REQUIRED ACTION
Without the images, reproduce each line of the material exactly.

THE DATA
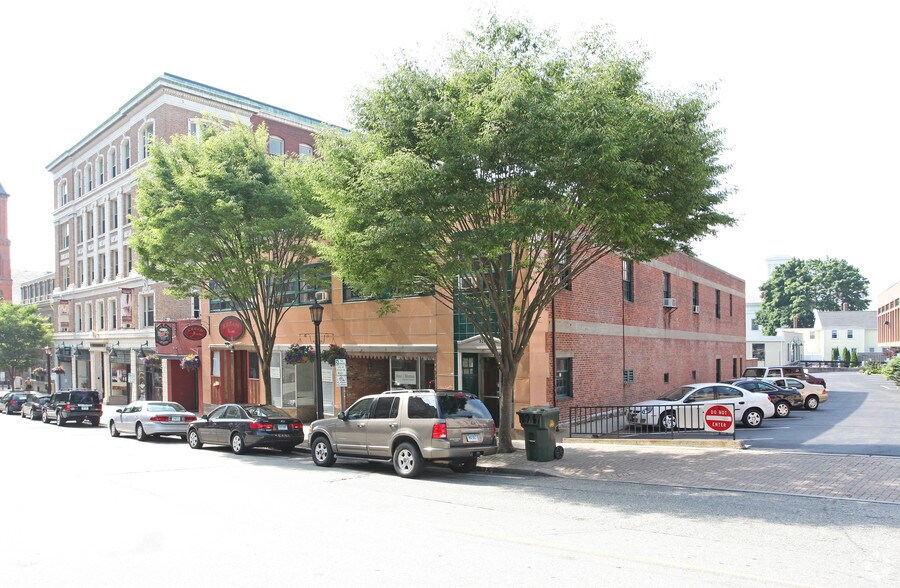 More Photos Of 316-326 State St, New London Storefront Retail Office For Lease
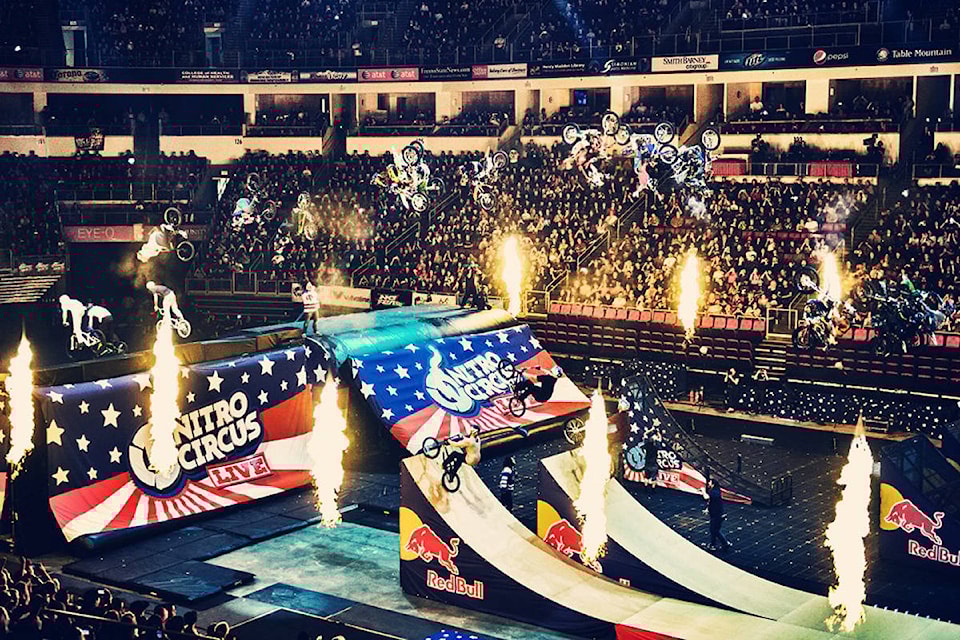 12000125_web1_180523-KCNnitro_circus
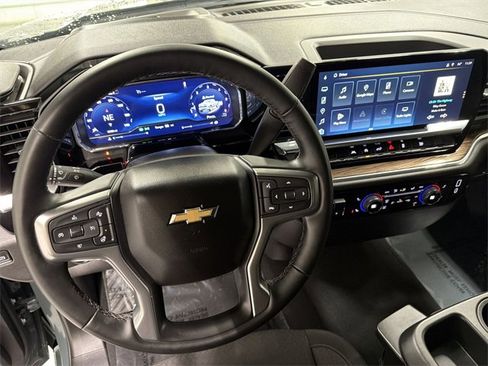 Certified 2025 Chevrolet Silverado 1500 LT image 17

YOUR SOLUTION
 More Photos Of 316-326 State St, New London Storefront Retail Office For Lease
 12000125_web1_180523-KCNnitro_circus
 Certified 2025 Chevrolet Silverado 1500 LT image 17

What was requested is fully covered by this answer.